Abstract
Accurate human pose estimation is of vital importance for a variety of human-robot interaction applications, including cooperative task execution, imitation learning and robot-assisted rehabilitation. As robots move from controlled indoor environments to unstructured and outdoor environments, the ability to accurately measure human pose without fixed sensors becomes increasingly important. In this paper, we present a general framework for accurately estimating human pose from a variety of sensors, including body-worn inertial measurement units and cameras, that can be used in indoor and outdoor environments to accurately estimate human pose during arbitrary 3D movements. Using a kinematic model of the human body, the sensor data is fused to estimate the body joint angles and velocities using a constrained Extended Kalman Filter which automatically incorporates feasible joint limits. For periodic movement such as gait, performance can be further improved via online learning of the gait model, individualized to the user. The proposed approach can deal with intermittent data availability and measurement errors during highly dynamic movements.
This work was supported in part by Canada’s Natural Sciences and Engineering Research Council.

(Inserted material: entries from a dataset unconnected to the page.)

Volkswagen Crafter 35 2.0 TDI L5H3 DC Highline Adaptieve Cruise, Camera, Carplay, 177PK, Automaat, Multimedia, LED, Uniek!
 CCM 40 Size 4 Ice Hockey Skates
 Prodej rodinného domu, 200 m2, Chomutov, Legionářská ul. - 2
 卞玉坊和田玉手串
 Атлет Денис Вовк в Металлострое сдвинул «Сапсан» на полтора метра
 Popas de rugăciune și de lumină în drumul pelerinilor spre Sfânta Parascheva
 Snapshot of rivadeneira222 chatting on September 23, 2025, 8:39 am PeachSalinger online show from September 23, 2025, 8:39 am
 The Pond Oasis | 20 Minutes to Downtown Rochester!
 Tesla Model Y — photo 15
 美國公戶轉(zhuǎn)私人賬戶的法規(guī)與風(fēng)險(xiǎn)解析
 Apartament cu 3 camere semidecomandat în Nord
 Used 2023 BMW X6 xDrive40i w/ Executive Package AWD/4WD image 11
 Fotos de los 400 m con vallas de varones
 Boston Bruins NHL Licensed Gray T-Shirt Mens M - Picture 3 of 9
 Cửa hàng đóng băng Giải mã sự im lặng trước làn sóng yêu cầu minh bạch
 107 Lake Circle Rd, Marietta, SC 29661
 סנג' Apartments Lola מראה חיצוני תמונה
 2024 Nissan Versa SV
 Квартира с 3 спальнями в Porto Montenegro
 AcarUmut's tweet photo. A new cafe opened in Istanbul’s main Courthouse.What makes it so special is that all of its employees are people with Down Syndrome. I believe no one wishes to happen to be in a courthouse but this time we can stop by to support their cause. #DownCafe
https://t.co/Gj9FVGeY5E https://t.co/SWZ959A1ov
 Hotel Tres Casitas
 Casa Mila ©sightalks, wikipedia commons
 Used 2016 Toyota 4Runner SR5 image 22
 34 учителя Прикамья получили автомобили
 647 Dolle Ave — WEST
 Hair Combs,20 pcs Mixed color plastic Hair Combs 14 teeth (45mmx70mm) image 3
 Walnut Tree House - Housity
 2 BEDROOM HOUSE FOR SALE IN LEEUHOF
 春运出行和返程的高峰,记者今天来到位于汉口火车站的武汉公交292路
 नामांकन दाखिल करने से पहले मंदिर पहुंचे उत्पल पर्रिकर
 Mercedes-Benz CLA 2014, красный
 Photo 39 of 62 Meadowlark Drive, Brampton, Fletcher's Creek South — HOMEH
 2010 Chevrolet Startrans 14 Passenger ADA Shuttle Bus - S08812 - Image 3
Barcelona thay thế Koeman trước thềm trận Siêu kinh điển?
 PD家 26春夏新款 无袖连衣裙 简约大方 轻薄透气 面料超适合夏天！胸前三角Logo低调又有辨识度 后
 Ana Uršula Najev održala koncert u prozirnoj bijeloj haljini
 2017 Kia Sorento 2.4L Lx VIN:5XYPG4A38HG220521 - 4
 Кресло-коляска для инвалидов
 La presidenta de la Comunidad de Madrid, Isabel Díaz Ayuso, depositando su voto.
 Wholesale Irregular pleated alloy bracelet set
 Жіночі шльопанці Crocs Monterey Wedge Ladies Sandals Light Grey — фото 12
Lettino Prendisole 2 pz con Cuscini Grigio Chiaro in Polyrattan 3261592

Access provided by CONRICYT-eBooks. Download conference paper PDF
Similar content being viewed by others
Keywords
1 Introduction
Accurate human pose estimation is of vital importance for a variety of human-robot interaction applications, including cooperative task execution, imitation learning and robot-assisted rehabilitation [1]. The gold standard for human motion data collection is marker-based motion capture, based on either optical or magnetic marker technology. A number of commercial solutions are available, e.g. [2, 3]. With optical motion capture systems, small reflective markers are attached to body landmarks, and observed with a set of cameras. The marker images and exact knowledge of the relative placements of the cameras are used to extract accurate 3D positions of each marker, achieving positioning sub millimeter positioning accuracy [2]. The marker positions coupled with a kinematic model of the human body and an association between each marker and the corresponding link in the model are then used to estimate the body pose. However, even with the high accuracy of marker positioning reported by the system manufacturers, the quality of pose estimation is frequently corrupted by three common measurement issues: (1) temporary marker occlusions, (2) unlabeled markers, and (3) mis-labeled markers.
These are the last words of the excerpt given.